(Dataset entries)
╭──

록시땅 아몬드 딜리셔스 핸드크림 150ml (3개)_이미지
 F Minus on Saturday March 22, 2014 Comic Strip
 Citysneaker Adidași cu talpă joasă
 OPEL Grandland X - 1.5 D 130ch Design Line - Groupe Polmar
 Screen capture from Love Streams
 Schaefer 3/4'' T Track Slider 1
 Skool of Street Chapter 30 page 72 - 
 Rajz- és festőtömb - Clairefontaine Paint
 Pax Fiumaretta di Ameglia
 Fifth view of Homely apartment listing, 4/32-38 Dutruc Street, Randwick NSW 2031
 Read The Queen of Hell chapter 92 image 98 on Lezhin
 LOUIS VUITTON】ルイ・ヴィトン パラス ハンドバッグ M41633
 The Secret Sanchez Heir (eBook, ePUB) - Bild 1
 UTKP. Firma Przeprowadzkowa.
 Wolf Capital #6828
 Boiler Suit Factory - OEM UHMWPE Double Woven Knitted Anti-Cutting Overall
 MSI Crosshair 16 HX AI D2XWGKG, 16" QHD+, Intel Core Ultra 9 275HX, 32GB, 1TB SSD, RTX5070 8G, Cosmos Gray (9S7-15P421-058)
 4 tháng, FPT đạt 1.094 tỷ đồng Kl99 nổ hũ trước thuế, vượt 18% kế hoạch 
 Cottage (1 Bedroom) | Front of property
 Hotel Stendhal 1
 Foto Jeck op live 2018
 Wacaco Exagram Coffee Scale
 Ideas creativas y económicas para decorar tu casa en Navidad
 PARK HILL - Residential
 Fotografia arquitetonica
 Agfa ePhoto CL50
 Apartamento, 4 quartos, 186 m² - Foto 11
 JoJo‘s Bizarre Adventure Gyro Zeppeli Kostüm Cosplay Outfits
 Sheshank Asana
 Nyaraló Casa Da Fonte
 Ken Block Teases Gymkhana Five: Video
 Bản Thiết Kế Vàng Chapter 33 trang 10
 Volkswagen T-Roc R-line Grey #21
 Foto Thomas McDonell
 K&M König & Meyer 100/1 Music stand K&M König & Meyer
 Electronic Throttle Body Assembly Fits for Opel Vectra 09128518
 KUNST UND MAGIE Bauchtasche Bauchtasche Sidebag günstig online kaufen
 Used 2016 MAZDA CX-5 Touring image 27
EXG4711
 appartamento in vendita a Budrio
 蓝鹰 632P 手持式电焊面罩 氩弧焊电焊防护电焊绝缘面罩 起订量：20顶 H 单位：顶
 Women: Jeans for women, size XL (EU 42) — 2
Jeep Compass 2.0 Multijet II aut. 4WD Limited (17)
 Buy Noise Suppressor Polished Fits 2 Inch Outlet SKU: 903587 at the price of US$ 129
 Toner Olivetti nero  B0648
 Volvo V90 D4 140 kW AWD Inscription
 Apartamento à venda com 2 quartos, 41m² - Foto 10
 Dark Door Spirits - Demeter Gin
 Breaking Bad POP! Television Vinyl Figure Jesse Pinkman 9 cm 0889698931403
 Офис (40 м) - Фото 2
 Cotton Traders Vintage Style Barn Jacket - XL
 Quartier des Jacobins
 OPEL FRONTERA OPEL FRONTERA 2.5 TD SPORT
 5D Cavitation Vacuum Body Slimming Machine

╰──

What you will do.
Pull every line with the word "Apartamento" from the data.

Task answer.
 Apartamento, 4 quartos, 186 m² - Foto 11
 Apartamento à venda com 2 quartos, 41m² - Foto 10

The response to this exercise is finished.